◆ WORK REQUEST: Starting at the line that contains "Businessman puts wooden" and stopping at the line that contains "Sea bass, champagne", transcribe every line of the material below exactly; pictures stay out.

◆ SOURCE MATERIAL:
%%

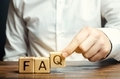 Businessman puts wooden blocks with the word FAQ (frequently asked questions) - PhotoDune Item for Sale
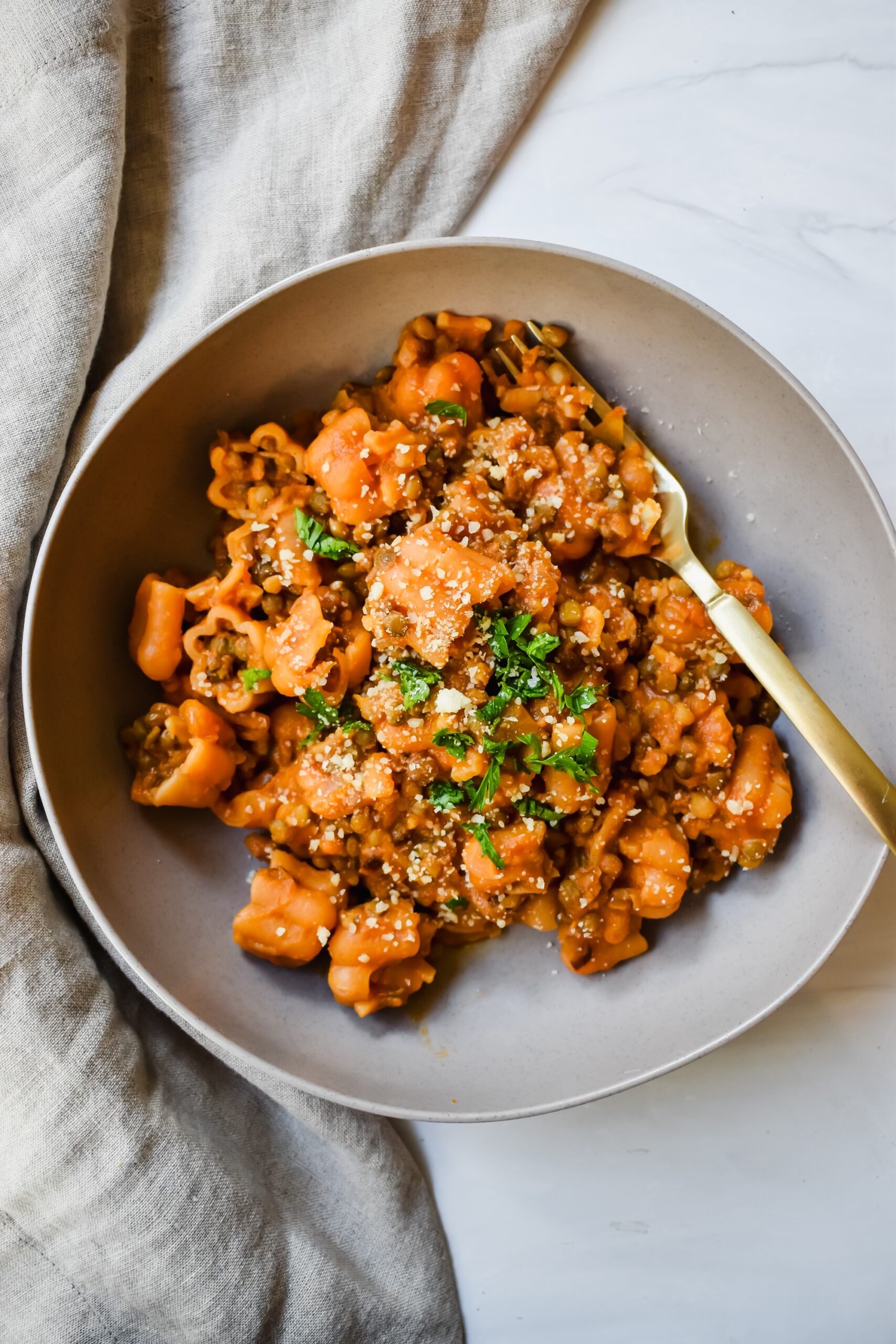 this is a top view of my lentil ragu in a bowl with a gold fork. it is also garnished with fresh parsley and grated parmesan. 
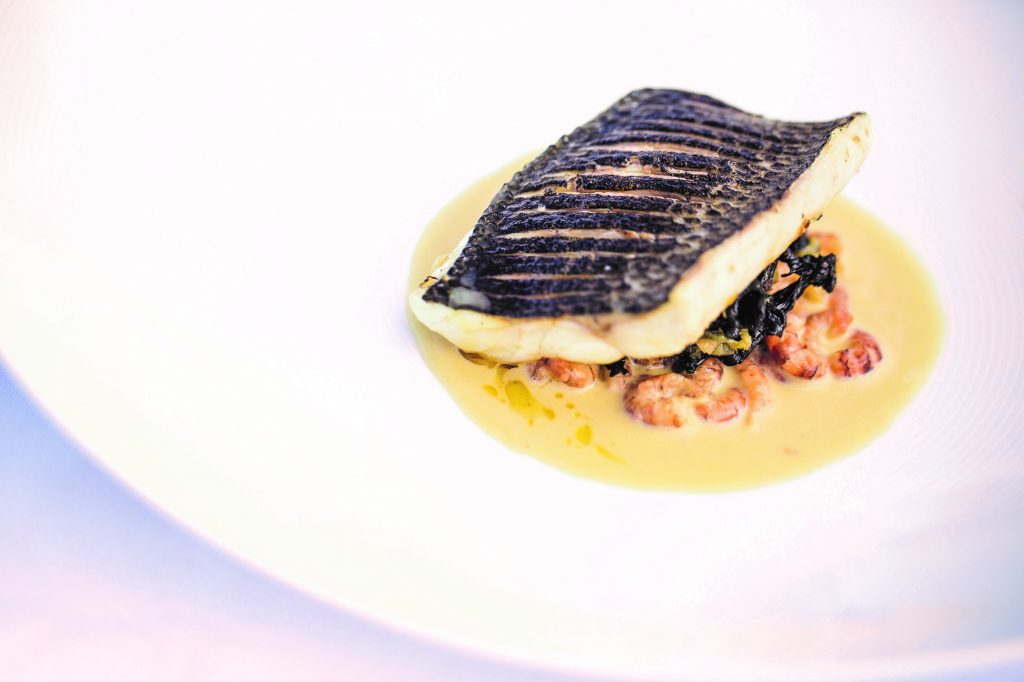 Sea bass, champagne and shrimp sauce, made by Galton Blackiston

%%
%%

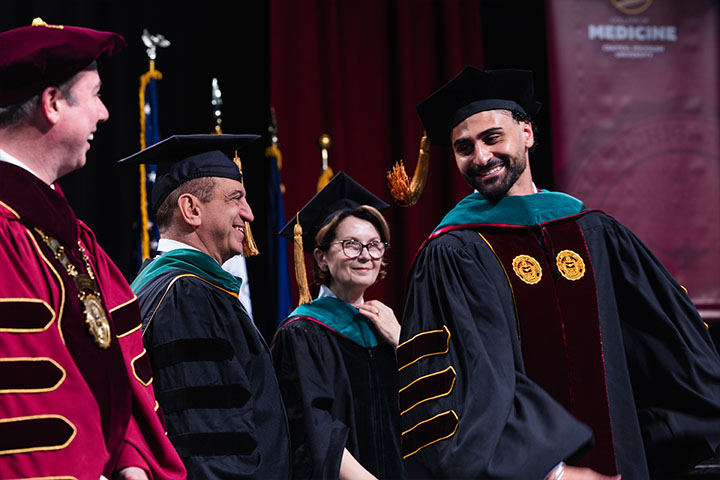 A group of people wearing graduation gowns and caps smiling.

%%
%%

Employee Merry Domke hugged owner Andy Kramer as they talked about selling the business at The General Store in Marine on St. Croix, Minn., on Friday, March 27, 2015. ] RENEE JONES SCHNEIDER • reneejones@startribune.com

%%

◆ EXPECTED ANSWER:
 Businessman puts wooden blocks with the word FAQ (frequently asked questions) - PhotoDune Item for Sale
 this is a top view of my lentil ragu in a bowl with a gold fork. it is also garnished with fresh parsley and grated parmesan. 
 Sea bass, champagne and shrimp sauce, made by Galton Blackiston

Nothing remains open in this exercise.